HOW TO COMPLETE THIS TASK
Only one stretch of the data below is wanted: the lines starting at the one with "Beispielbild fr Scintilla" and ending at the one with "требующих немедленного ремонта", both included, given again exactly.

GIVEN RECORDS
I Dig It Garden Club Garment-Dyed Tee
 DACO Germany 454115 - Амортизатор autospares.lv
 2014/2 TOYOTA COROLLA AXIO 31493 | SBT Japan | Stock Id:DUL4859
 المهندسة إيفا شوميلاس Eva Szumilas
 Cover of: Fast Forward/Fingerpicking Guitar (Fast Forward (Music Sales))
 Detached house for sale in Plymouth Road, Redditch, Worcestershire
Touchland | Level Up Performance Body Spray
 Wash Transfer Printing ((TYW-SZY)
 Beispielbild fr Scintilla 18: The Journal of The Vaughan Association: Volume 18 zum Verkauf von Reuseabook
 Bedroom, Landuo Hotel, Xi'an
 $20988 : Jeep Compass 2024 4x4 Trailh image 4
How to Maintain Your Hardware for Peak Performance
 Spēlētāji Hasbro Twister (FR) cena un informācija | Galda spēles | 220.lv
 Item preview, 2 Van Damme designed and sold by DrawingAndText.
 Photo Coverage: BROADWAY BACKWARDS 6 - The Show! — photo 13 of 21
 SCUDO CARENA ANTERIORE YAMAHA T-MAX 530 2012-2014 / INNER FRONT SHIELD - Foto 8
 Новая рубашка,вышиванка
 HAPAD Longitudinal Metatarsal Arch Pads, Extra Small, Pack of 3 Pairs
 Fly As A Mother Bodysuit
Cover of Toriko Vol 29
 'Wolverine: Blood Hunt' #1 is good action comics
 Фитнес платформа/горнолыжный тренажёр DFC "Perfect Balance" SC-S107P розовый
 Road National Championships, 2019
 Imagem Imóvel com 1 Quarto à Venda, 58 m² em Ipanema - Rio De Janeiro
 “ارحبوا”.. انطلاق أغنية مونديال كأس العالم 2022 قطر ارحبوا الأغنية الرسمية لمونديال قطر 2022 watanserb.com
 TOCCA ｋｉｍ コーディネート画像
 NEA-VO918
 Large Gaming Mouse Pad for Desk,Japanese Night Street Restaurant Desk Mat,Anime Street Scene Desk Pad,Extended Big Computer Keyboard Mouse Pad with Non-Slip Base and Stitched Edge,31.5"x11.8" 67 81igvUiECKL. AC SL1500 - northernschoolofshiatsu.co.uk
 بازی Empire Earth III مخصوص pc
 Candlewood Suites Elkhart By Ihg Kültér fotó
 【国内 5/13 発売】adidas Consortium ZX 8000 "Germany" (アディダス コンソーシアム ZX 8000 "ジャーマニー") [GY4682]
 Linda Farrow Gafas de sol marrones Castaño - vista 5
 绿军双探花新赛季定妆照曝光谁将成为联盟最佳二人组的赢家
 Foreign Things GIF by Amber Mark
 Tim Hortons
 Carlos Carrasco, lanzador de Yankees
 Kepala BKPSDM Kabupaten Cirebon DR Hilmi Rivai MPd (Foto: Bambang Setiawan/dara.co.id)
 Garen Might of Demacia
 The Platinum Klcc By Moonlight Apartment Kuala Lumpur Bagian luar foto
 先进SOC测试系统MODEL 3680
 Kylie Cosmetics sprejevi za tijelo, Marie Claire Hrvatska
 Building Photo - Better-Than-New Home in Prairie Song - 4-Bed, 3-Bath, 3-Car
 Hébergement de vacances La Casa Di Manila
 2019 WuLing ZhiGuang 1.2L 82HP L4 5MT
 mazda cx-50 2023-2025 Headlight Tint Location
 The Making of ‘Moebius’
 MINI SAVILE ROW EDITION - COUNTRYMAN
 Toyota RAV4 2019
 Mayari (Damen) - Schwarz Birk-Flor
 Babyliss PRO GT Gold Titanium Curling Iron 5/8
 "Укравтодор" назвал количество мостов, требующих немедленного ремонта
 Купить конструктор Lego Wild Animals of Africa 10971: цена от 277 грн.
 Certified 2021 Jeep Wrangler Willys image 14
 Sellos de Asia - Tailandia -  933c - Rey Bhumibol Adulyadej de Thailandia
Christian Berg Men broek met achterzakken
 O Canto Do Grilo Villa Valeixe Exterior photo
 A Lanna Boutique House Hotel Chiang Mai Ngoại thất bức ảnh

ANSWER BELOW
 Beispielbild fr Scintilla 18: The Journal of The Vaughan Association: Volume 18 zum Verkauf von Reuseabook
 Bedroom, Landuo Hotel, Xi'an
 $20988 : Jeep Compass 2024 4x4 Trailh image 4
How to Maintain Your Hardware for Peak Performance
 Spēlētāji Hasbro Twister (FR) cena un informācija | Galda spēles | 220.lv
 Item preview, 2 Van Damme designed and sold by DrawingAndText.
 Photo Coverage: BROADWAY BACKWARDS 6 - The Show! — photo 13 of 21
 SCUDO CARENA ANTERIORE YAMAHA T-MAX 530 2012-2014 / INNER FRONT SHIELD - Foto 8
 Новая рубашка,вышиванка
 HAPAD Longitudinal Metatarsal Arch Pads, Extra Small, Pack of 3 Pairs
 Fly As A Mother Bodysuit
Cover of Toriko Vol 29
 'Wolverine: Blood Hunt' #1 is good action comics
 Фитнес платформа/горнолыжный тренажёр DFC "Perfect Balance" SC-S107P розовый
 Road National Championships, 2019
 Imagem Imóvel com 1 Quarto à Venda, 58 m² em Ipanema - Rio De Janeiro
 “ارحبوا”.. انطلاق أغنية مونديال كأس العالم 2022 قطر ارحبوا الأغنية الرسمية لمونديال قطر 2022 watanserb.com
 TOCCA ｋｉｍ コーディネート画像
 NEA-VO918
 Large Gaming Mouse Pad for Desk,Japanese Night Street Restaurant Desk Mat,Anime Street Scene Desk Pad,Extended Big Computer Keyboard Mouse Pad with Non-Slip Base and Stitched Edge,31.5"x11.8" 67 81igvUiECKL. AC SL1500 - northernschoolofshiatsu.co.uk
 بازی Empire Earth III مخصوص pc
 Candlewood Suites Elkhart By Ihg Kültér fotó
 【国内 5/13 発売】adidas Consortium ZX 8000 "Germany" (アディダス コンソーシアム ZX 8000 "ジャーマニー") [GY4682]
 Linda Farrow Gafas de sol marrones Castaño - vista 5
 绿军双探花新赛季定妆照曝光谁将成为联盟最佳二人组的赢家
 Foreign Things GIF by Amber Mark
 Tim Hortons
 Carlos Carrasco, lanzador de Yankees
 Kepala BKPSDM Kabupaten Cirebon DR Hilmi Rivai MPd (Foto: Bambang Setiawan/dara.co.id)
 Garen Might of Demacia
 The Platinum Klcc By Moonlight Apartment Kuala Lumpur Bagian luar foto
 先进SOC测试系统MODEL 3680
 Kylie Cosmetics sprejevi za tijelo, Marie Claire Hrvatska
 Building Photo - Better-Than-New Home in Prairie Song - 4-Bed, 3-Bath, 3-Car
 Hébergement de vacances La Casa Di Manila
 2019 WuLing ZhiGuang 1.2L 82HP L4 5MT
 mazda cx-50 2023-2025 Headlight Tint Location
 The Making of ‘Moebius’
 MINI SAVILE ROW EDITION - COUNTRYMAN
 Toyota RAV4 2019
 Mayari (Damen) - Schwarz Birk-Flor
 Babyliss PRO GT Gold Titanium Curling Iron 5/8
 "Укравтодор" назвал количество мостов, требующих немедленного ремонта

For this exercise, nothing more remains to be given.